Russia's Central Election Commission has pledged to investigate irregularities, and has suspended two officials amid allegations of voting fraud in the Moscow working-class district of Lyubertsy, according to the Russian news agency TASS.

She has announced plans to launch a new "Party of Changes" together with opposition politician Dmitry Gudkov and on Sunday arrived at Navalny's headquarters to invite him to "try to join forces" but was refused. She is the only candidate who has openly criticized Putin.

The Russian presidential election came amid escalating Cold War-like tensions, with accusations that Moscow was behind the nerve-agent poisoning this month of a former Russian double agent in Britain and that its internet trolls had waged an extensive campaign to undermine the 2016 USA presidential election.

Backed by state TV, the ruling party, and credited with an approval rating of around 80 per cent, his victory was never in doubt.

With ballots counted from 60 percent of the vast country's precincts, Putin won more than 75 percent of the vote, the Central Elections Commission said.

Putin's 76 percent accounts for more than 50 million votes.

More news: Pres. Trump claims political bias in Russian Federation probe

Vladimir Putin attends a pre-election concert in Sevastopol, Mar 14, 2018.

Opinion polls give Putin, the incumbent, support of around 70 percent, or almost 10 times the backing of his nearest challenger.

Not every claim by opposition figures is correct.

But Navalny, who risks 30 days in jail for organising illegal protests, urged a boycott.

Other footage from polling booths in Chechnya showed a man calmly stuffing ballot boxes with papers as he greeted people. Medusa found a new automated registration system by election day "analyzes all applications...and green lights only the first one".

The eight presidential candidates were barred from campaigning Saturday, but the message to voters was clear from billboards celebrating Russian greatness - a big theme of Putin's leadership - and Kremlin-friendly media coverage.

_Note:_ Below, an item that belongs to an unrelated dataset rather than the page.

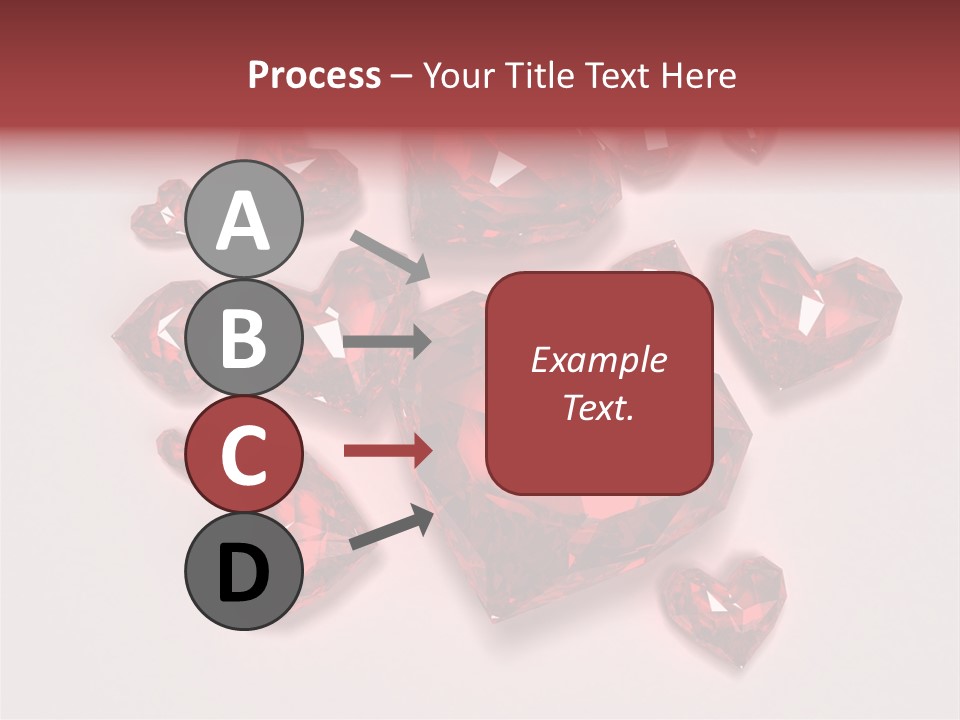 Rich Blood Red PowerPoint Template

Ksenia Sobchak attends an election campaign in Berdsk, Russia, January 15, 2018.

The updates of their medical conditions come as the Foreign Secretary Boris Johnson said it was "overwhelmingly likely" that Vladamir Putin directed the use of the nerve agent on Britain's streets.

"That's why the Kremlin seeks fresh faces each time".

"Sobchak works perfectly in her niche; she's controllable and honest at the same time".

"We don't care about this spectacle in which we already know the ending".

"My country is getting stronger - its always been strong - and we approve of the direction it's going in".